Kapitalisme dan Ekonomi Hatta

Harus diakui bahwa sistem ekonomi kapitalisme yang dianut negara-negara Barat telah mengalami kegagalan. Negara-negara kapitalis, misalnya, Amerika Serikat, telah mengalami kehancuran ekonomi karena sifat liberalis-individualistisnya.

Selain itu, sistem ekonomi kapitalisme tampaknya kini tidak mampu menjamin para penganutnya berekonomi secara sehat dan berkelanjutan karena sistem ini lebih mementingkan diri dan pemilik modal. Sehingga, orang-orang atau negara-negara yang lemah secara ekonomi menjadi 'tumbal' atau korban orang-orang kuat dan negara-negara maju.  Akibatnya, kemiskinan, pengangguran, dan kesenjangan sosial semakin menganga. Oleh karena itu, kita perlu banyak belajar pemikiran Bung Hatta yang kalau kita kaji secara cerdas dan mendalam mengandung nilai-nilai Islam.

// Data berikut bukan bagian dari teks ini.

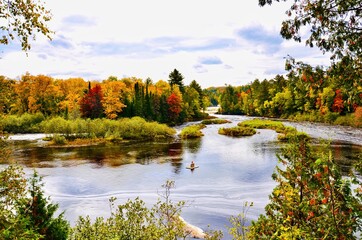 Fototapeta na wymiar Autumn landscape with lake and trees in Michigan Tahquamenon State Park.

Memang, kalau kita mencermati secara saksama karya-karya Bung Hatta, terutama yang berkenaan dengan ekonomi, tidak satu pun yang pernah mengulas secara spesifik ekonomi Islam Bung Hatta. Namun, kalau kita meluangkan pikiran untuk menelaah secara lebih kritis dan tajam, di sana  terlihat substansi, nilai, dan norma Islam yang terinternalisasi dari berbagai karya beliau, terutama ekonomi. Ditambah lagi sikap atau perilaku hidup Bung Hatta yang disiplin, jujur, kritis, ulet, telaten, cerdas, dan futuristik yang turut mewarnai aktivitas kesehariannya.

Secara kategoris, Hatta adalah penganut Islam-religius, tanpa terlalu menonjolkan aspek simbolisme, dalam hal ini Islam. Dalam aspek sosiologis, Hatta dikategorisasikan sebagai penganut sosialisme-religius. Bahkan, secara akademis, Hatta adalah sosok yang religius dan bukan sekuler seperti yang disangka beberapa orang.

Pada aspek filosofis dan teologis, Hatta memandang bahwa perilaku ekonomi manusia harus menjunjung tinggi nilai-nilai ketuhanan (ilahiyah) dan kemanusiaan (khalifatullah fil ardh) dengan mengaplikasikan nilai-nilai dasar keadilan, persaudaraan, dan kebersamaan ke dalam kehidupan dan aktivitas ekonomi yang mereka jalankan.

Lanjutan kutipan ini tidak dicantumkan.